As a five-time Olympic gold medalist, I exemplified the ideal American athlete of the early 20th century. Unfortunately, I had nearly as many failed marriages as Olympic medals. But my broad shoulders, muscular body, and thousand-watt smile made me the perfect physical specimen to bring Tarzan to the big screen.
Strangely, I wasn’t even American but Romanian and moved to America early in my life and loved nothing more than swimming in the Ocean and i was pretty good and entered swimming competitions which i won and got me into the Illinois Athletic Club (yep, i'm as American as Apple Pie i lied) and was the that of me swimming my way to stardom, as long as they never found out i was actually as American as a Steak and Kidney Pie.
Over the course of my swimming career, I set 67 world records and grabbed international attention at the 1924 Olympics in Paris, France with three Gold medals and then i competed in the 1928 Olympic Games in Amsterdam and led the American athletes as the standard bearer during the opening ceremony and snagged a further two golds and retired to become a model and actor and got asked to audition for the upcoming Tarzan the Ape Man film which i got and they even wrote some additional scenes to make sure there was lots of swimming in it and not much dialogue although i knew i wasn't hired for my acting skills, i looked buff dressed only in a loin cloth.
I started on a 17-year run as the character but it almost ended straight away as the chimpanzee that played Cheetah attacked me the very first day on set so i bopped him on the head as advised to gain dominance which worked too well because every time my Jane came near me, he attacked her instead.

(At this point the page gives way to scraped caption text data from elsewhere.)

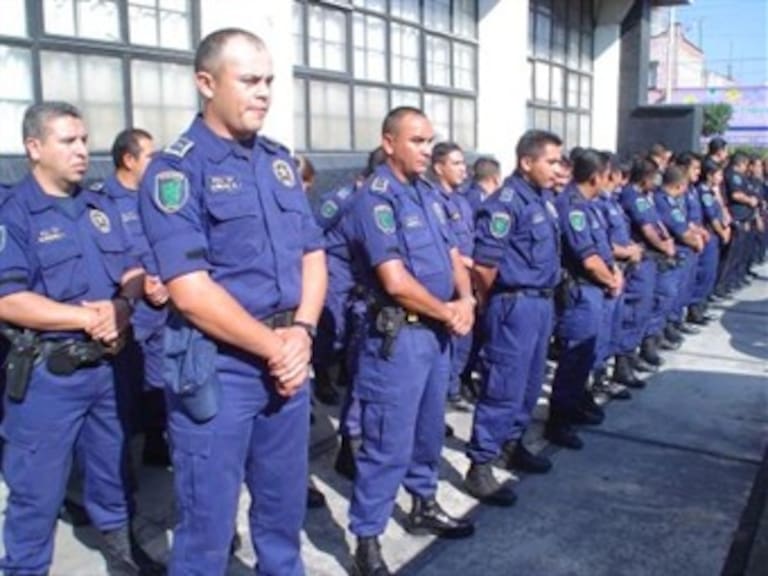 Costará más de 2 mmdp creación de Policía Única: SHCP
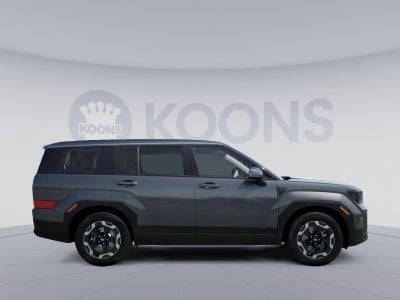 2026 Hyundai SANTA FE HYBRID SE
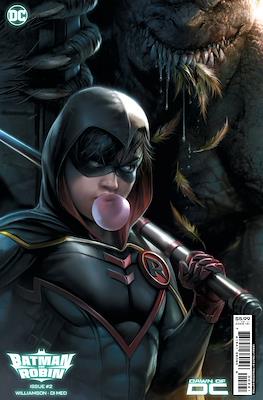 Batman and Robin Vol. 3 (2023-Variant Covers) #2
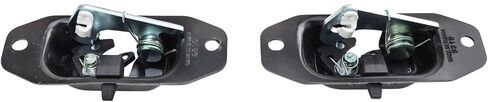 TRQ Tailgate Repair Kit Compatible with 2016-2018 Chevrolet Silverado 1500 2019 Silverado 1500 LD 2016-2019 Silverado 2500 HD Silverado 3500 HD GMC Sierra 1500 Sierra 1500 Limited Sierra 2500 HD in Saudi Arabia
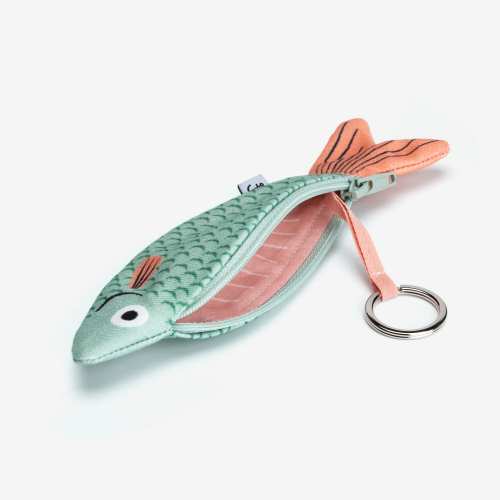 Don Fisher Keychain Cardenal (Mint)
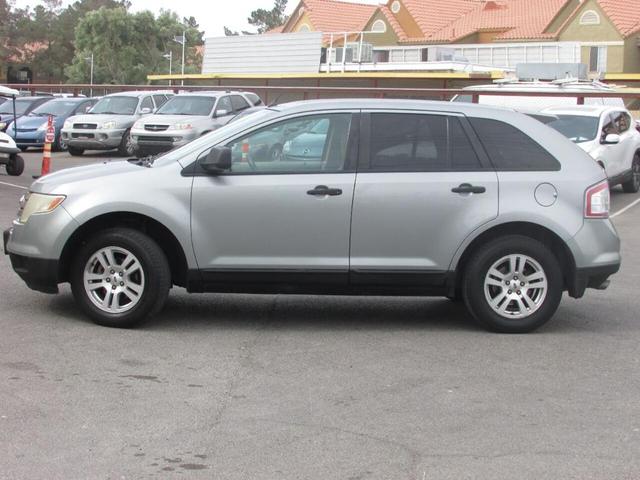 2007 ford edge se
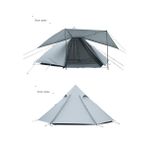 Wildland Mini Tip Çadır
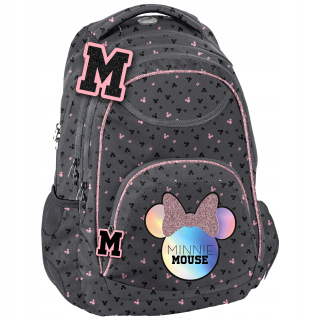 Školský batoh, taška - Bucket Paso Minnie DMNA-2708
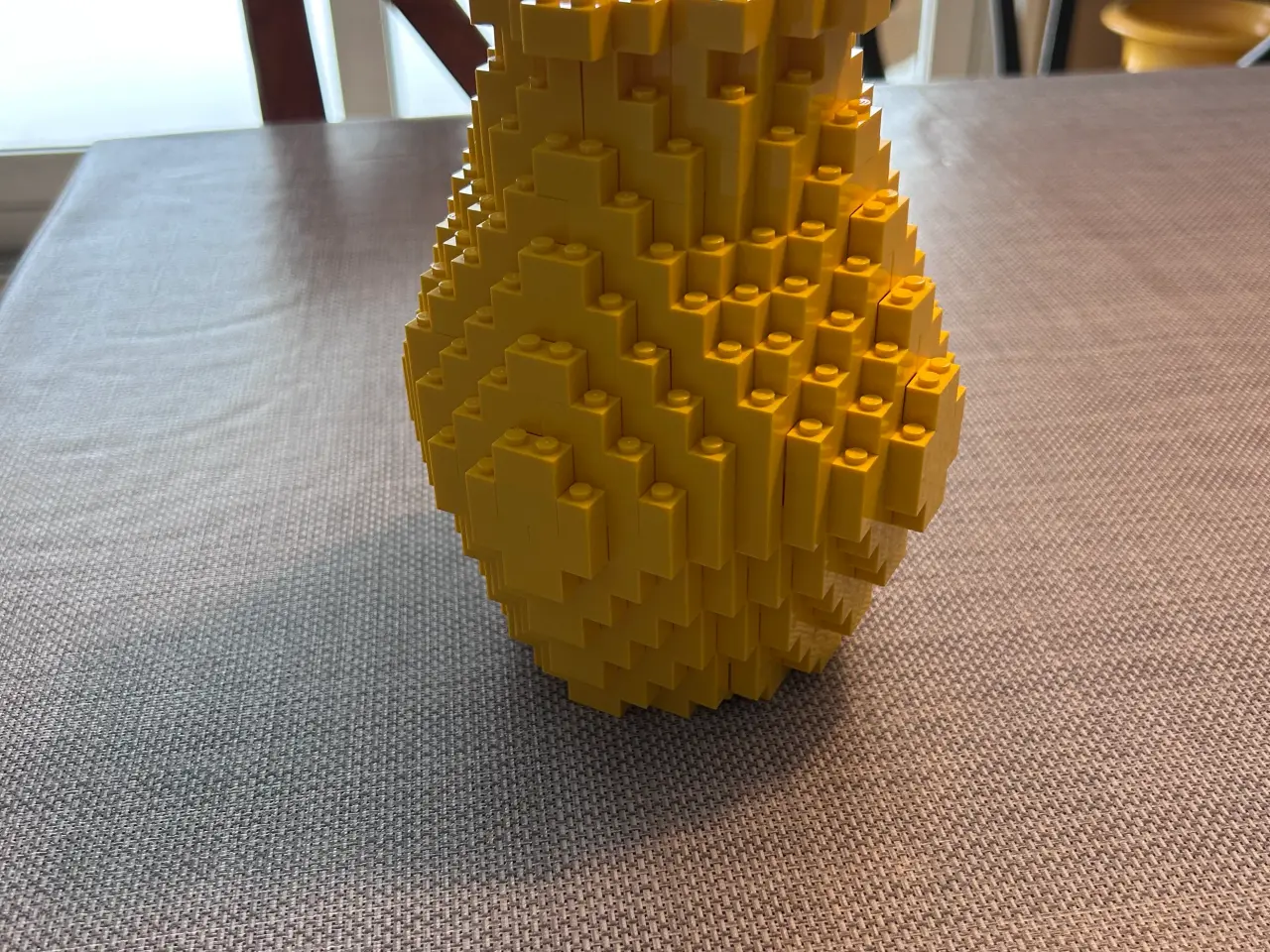 Billede 1 - Lego vase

During filming I invented that famous Tarzan yell, basing it on the yodeling that i learnt as a kid which saved my life later on but i was getting too old to be swinging around on vines so i retired and married a golfer, Allene Gates, and toured the World playing in golf tournaments and exhibitions including Cuba where we visited for a celebrity golf tournament and the only reason I left with his head still on his shoulders was because of that famous Tarzan yell.
A group of Fidel Castro's revolutionaries stopped us and with so many guns pointed at us, I stood up in the vehicle and gave my famous Tarzan yell. The revolutionaries instantly recognised me and insisted on being our escort to and from the tournament.
It later turned out that my business manager had been swindling me out of my millions and my wife, not interested in being with a poor former ape man, upped and left leaving me without a wife and my fortune.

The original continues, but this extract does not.